The Web Content Management landscape has changed significantly over the last five years, as large vendors have acquired smaller vendors and incorporated point functionality into broader WCM suites. Despite this, the Content Management space continues to be confusing, as hundreds of vendors compete, complement, and overlap each other with functionality suited to Digital Asset Management (DAM), Enterprise Content Management (ECM), Marketing Asset Management (MAM), Marketing Automation, Email Marketing, Media Asset Management, eCommerce, and of course, Web Content Management (WCM). WCM solutions are differentiated by their ability to convert and optimize digital content for delivery across multiple online channels. Moreover, they provide integrations to most other tools listed above as well as a broad range of marketing and sales tools. WCM supports the execution of communications across the digital presentation layer and manages the production, publication, and distribution of digital assets over owned media. It’s not for managing work in progress, heavy workflows for content development, and large assets. For these reasons, WCM has become the key enabler to an optimized end user experience.
While marketing traditionally drives WCM initiatives based on business need, today, the pendulum is swinging back toward a joint marketing-IT collaboration to integrated WCM with other sales and marketing tools, such as analytics, A/B testing, email marketing, etc. Vendors have responded to the need for integrated functionality mostly by providing stable APIs to make integrations with other systems easy and streamlined. However, there are two major exceptions to this rule. Both Adobe, SDL, and Sitecore are attempting to incorporate both core WCM functionality and the functionality of sales and marketing tools into their proprietary platforms. It appears to be working for both companies, as they enjoy leading vendor status in the eyes of many industry watchers and among enterprise buyers of WCM solutions. However, most organization have expressed their desire to keep legacy systems and best-of-breed solutions in place, leading most vendors to focus heavily on integration capabilities.
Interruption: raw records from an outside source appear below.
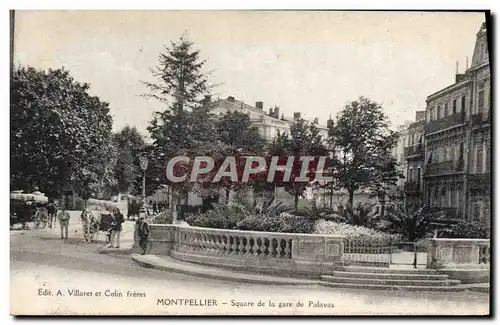 Cartes postales Montpellier Square de la Gare de Palavas Caleche Cheval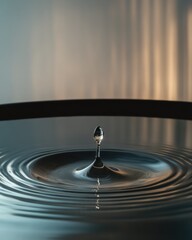 Poster - A close-up of a water drop splashing into still water during golden hour, creating ripples in serene surroundings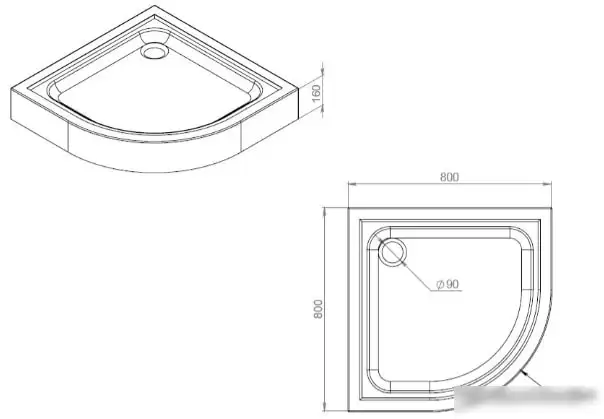 Душевой поддон AM.PM Gem W90T-401-080W - фото товара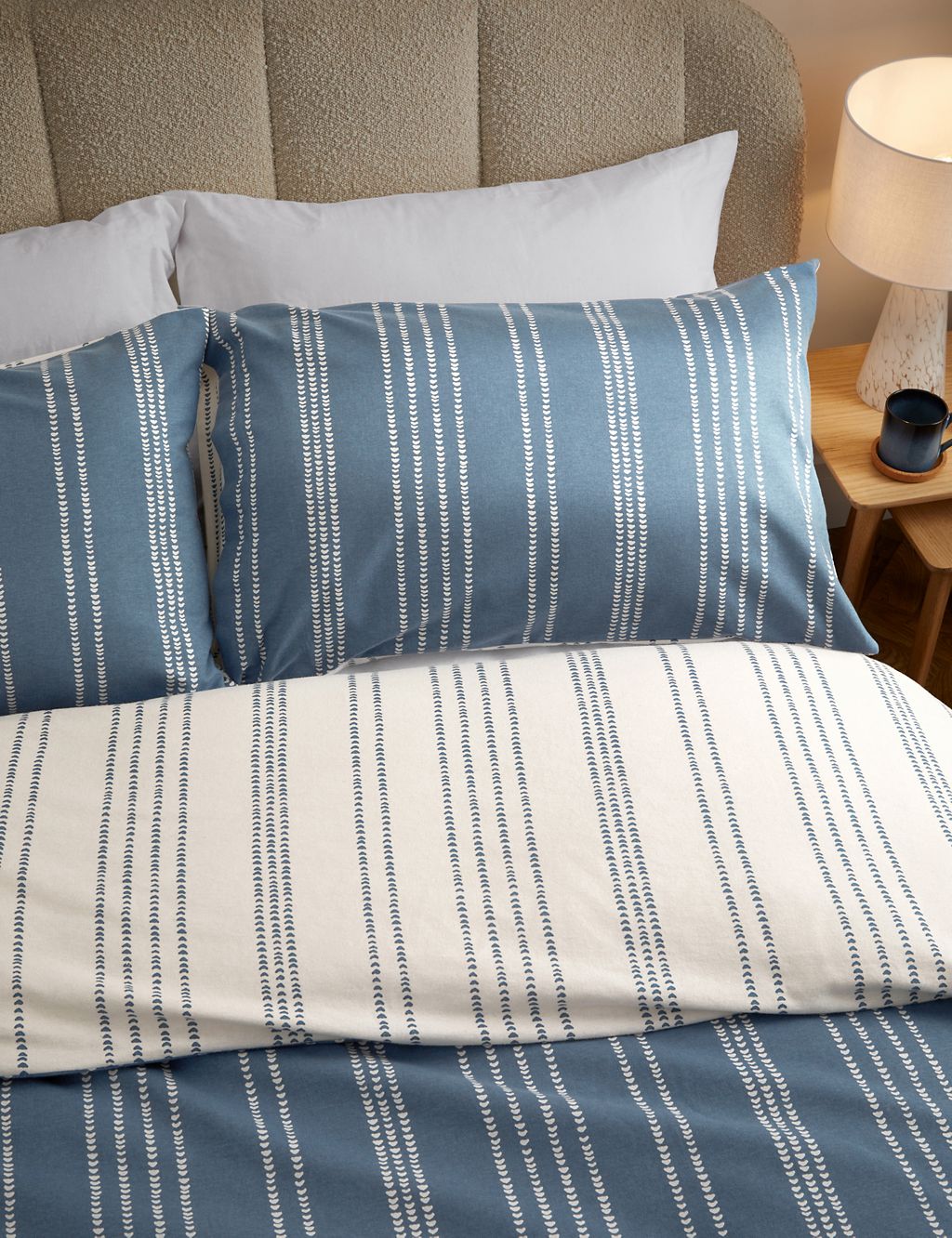 Pure Brushed Cotton Stripe Bedding Set 2 of 3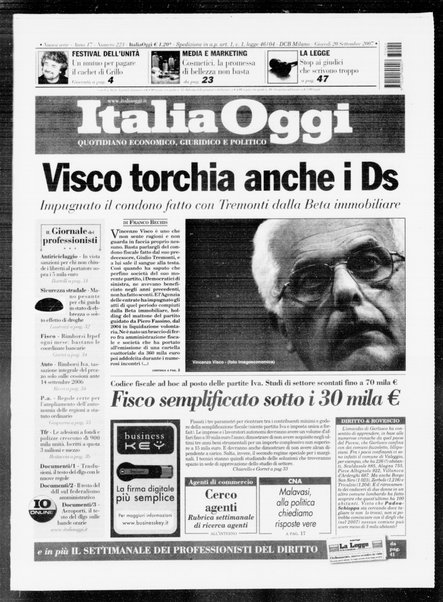 Italia oggi : quotidiano di economia finanza e politica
In 2014, integrations and enabling the digital end user experience are of paramount importance. However, ease of use counts heavily in purchase decisions. WCM technologies are delivered across a variety of platforms and licensing models: SaaS, On-Premise, Licensed, Open Source, and Hybrid. While budget is important, ease of use is critical to engaging actual end-users in the demo process. The WCM solutions that enable non-technical users to easily optimize the digital consumer experience will win out over the next several years.